--- Exercise description ---
Look in the material below for the line with "ANNETTE GORTZ Black" and the line with "Продам телевизор Panasonic", then set down exactly those two lines and all lines between, nothing more.

########################################

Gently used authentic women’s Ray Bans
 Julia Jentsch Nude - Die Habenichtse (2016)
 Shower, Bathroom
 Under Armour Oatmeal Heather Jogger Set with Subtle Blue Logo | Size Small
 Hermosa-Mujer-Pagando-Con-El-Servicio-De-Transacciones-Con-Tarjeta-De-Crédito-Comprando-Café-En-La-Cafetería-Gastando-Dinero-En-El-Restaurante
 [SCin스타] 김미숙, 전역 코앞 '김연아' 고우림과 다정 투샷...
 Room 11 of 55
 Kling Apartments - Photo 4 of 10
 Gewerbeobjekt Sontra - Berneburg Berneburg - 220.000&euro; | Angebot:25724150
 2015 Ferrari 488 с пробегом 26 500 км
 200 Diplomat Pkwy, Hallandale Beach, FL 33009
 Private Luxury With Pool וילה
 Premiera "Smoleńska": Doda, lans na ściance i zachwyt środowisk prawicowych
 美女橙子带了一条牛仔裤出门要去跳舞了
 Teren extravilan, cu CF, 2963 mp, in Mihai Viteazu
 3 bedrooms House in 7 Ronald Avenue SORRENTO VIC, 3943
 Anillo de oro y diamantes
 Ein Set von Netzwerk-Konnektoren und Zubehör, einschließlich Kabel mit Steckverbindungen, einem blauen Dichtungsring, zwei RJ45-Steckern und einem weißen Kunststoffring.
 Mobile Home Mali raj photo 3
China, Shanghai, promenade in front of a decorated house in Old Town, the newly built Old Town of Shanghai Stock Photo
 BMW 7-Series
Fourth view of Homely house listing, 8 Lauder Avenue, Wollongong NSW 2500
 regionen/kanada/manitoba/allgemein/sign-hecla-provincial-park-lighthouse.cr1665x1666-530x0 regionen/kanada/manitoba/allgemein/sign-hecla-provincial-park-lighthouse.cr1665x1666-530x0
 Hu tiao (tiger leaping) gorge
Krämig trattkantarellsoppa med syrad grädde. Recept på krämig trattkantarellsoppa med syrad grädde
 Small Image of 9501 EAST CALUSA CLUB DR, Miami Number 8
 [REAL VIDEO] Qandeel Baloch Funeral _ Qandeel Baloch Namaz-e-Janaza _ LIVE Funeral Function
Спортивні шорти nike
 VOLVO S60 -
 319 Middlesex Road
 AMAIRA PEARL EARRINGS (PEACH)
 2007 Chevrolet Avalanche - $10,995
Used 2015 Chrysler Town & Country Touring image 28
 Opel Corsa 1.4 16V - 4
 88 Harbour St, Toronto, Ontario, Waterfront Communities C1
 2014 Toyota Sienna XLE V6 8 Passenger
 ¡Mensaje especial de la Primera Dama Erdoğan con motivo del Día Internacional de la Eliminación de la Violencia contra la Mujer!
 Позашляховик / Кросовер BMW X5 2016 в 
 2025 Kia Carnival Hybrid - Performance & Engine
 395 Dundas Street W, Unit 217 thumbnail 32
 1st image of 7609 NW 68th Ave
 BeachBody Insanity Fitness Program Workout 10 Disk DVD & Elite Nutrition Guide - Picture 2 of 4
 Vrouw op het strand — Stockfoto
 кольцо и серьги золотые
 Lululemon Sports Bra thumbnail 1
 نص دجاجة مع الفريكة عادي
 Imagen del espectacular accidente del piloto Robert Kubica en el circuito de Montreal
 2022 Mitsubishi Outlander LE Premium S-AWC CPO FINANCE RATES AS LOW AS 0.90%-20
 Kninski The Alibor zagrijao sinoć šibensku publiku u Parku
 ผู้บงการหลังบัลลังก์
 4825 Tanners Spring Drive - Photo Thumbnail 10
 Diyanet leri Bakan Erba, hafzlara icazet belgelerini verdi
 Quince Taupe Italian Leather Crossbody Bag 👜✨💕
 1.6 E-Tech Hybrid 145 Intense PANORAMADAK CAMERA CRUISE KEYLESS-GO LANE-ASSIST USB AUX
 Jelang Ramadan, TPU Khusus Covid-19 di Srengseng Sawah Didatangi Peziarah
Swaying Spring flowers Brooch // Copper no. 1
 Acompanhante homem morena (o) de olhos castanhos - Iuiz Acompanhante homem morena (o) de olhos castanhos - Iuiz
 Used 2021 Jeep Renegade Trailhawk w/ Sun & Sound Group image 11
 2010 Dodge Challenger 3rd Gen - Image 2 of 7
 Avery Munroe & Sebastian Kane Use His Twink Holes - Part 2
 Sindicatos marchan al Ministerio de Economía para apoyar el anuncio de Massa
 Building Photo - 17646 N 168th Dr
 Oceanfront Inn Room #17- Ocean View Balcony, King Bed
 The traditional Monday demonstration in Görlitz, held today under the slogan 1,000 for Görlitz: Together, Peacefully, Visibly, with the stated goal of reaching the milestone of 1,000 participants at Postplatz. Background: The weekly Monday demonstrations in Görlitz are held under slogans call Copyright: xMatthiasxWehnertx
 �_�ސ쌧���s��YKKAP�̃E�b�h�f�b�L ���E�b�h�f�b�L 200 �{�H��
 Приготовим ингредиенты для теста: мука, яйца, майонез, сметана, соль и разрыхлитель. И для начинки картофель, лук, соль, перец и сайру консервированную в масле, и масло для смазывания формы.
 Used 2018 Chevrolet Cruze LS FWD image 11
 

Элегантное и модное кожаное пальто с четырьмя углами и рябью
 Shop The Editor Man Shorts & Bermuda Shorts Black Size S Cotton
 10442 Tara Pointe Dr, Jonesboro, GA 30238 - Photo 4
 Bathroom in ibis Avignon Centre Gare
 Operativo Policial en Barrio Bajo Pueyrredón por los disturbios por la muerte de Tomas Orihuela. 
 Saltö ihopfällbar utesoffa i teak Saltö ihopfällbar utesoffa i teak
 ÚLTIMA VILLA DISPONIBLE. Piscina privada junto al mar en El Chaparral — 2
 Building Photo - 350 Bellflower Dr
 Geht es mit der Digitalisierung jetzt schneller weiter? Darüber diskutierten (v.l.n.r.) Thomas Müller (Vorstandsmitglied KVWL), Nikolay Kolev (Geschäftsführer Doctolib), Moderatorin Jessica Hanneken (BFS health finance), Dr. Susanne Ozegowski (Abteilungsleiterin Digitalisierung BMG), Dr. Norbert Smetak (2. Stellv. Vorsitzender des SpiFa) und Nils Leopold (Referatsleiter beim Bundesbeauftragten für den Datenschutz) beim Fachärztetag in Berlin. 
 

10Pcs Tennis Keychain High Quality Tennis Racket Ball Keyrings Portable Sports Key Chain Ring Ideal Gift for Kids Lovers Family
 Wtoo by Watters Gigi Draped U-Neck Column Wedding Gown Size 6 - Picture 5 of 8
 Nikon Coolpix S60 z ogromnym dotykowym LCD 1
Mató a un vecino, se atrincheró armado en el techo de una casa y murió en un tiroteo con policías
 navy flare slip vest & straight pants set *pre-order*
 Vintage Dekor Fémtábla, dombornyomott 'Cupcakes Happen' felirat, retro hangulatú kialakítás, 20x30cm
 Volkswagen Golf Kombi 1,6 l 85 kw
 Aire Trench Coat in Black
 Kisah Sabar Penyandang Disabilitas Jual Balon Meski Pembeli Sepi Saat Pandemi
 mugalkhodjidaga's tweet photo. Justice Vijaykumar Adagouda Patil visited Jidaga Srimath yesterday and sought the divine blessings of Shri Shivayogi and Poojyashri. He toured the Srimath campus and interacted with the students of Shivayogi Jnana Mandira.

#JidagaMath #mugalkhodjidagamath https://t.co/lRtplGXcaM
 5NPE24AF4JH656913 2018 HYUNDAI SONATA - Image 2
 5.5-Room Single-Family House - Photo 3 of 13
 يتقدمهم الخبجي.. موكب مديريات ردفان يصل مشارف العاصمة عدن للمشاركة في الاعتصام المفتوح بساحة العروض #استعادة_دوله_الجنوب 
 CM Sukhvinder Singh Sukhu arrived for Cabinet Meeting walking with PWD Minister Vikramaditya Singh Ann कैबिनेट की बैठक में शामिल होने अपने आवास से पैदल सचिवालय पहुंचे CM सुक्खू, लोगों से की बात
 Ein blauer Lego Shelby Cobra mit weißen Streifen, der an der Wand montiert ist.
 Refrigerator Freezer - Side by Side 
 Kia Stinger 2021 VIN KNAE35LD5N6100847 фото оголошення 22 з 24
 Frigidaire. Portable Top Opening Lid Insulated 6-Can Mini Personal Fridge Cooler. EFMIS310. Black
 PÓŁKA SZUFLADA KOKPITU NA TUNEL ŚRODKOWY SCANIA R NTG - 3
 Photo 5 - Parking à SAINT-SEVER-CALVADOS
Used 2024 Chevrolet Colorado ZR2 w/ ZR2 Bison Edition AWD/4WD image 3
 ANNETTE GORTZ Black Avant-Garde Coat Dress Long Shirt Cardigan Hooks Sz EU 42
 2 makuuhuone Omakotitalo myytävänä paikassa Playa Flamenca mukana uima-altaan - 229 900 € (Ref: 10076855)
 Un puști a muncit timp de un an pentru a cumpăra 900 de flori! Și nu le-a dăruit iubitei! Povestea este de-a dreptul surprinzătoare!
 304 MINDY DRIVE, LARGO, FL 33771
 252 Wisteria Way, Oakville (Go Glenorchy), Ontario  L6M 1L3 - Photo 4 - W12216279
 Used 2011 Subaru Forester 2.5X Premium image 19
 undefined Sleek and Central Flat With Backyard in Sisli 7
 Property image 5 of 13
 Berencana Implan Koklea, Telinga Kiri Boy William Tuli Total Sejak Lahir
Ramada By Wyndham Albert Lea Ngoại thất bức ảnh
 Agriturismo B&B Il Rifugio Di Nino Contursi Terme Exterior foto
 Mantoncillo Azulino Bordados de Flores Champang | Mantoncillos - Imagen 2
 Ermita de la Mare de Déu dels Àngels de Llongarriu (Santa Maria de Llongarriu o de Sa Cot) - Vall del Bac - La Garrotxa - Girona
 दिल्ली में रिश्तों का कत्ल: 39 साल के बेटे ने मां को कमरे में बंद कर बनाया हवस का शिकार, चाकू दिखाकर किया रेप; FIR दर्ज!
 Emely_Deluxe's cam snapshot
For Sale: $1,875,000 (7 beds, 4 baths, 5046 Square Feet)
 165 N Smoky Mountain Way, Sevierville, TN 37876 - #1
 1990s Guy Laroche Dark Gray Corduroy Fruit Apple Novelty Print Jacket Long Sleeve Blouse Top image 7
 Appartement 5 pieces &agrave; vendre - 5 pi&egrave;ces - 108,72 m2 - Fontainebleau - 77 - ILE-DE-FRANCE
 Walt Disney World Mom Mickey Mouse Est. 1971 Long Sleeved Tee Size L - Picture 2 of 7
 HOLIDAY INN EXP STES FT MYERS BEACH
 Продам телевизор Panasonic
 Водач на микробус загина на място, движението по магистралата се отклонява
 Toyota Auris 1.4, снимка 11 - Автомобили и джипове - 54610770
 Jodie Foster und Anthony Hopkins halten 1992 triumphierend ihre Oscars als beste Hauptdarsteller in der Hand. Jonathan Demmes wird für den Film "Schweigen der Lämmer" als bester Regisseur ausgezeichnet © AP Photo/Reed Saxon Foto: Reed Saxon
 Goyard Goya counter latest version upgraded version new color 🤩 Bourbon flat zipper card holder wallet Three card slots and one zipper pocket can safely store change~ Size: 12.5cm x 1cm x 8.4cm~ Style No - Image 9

########################################

--- Output for this task ---
 ANNETTE GORTZ Black Avant-Garde Coat Dress Long Shirt Cardigan Hooks Sz EU 42
 2 makuuhuone Omakotitalo myytävänä paikassa Playa Flamenca mukana uima-altaan - 229 900 € (Ref: 10076855)
 Un puști a muncit timp de un an pentru a cumpăra 900 de flori! Și nu le-a dăruit iubitei! Povestea este de-a dreptul surprinzătoare!
 304 MINDY DRIVE, LARGO, FL 33771
 252 Wisteria Way, Oakville (Go Glenorchy), Ontario  L6M 1L3 - Photo 4 - W12216279
 Used 2011 Subaru Forester 2.5X Premium image 19
 undefined Sleek and Central Flat With Backyard in Sisli 7
 Property image 5 of 13
 Berencana Implan Koklea, Telinga Kiri Boy William Tuli Total Sejak Lahir
Ramada By Wyndham Albert Lea Ngoại thất bức ảnh
 Agriturismo B&B Il Rifugio Di Nino Contursi Terme Exterior foto
 Mantoncillo Azulino Bordados de Flores Champang | Mantoncillos - Imagen 2
 Ermita de la Mare de Déu dels Àngels de Llongarriu (Santa Maria de Llongarriu o de Sa Cot) - Vall del Bac - La Garrotxa - Girona
 दिल्ली में रिश्तों का कत्ल: 39 साल के बेटे ने मां को कमरे में बंद कर बनाया हवस का शिकार, चाकू दिखाकर किया रेप; FIR दर्ज!
 Emely_Deluxe's cam snapshot
For Sale: $1,875,000 (7 beds, 4 baths, 5046 Square Feet)
 165 N Smoky Mountain Way, Sevierville, TN 37876 - #1
 1990s Guy Laroche Dark Gray Corduroy Fruit Apple Novelty Print Jacket Long Sleeve Blouse Top image 7
 Appartement 5 pieces &agrave; vendre - 5 pi&egrave;ces - 108,72 m2 - Fontainebleau - 77 - ILE-DE-FRANCE
 Walt Disney World Mom Mickey Mouse Est. 1971 Long Sleeved Tee Size L - Picture 2 of 7
 HOLIDAY INN EXP STES FT MYERS BEACH
 Продам телевизор Panasonic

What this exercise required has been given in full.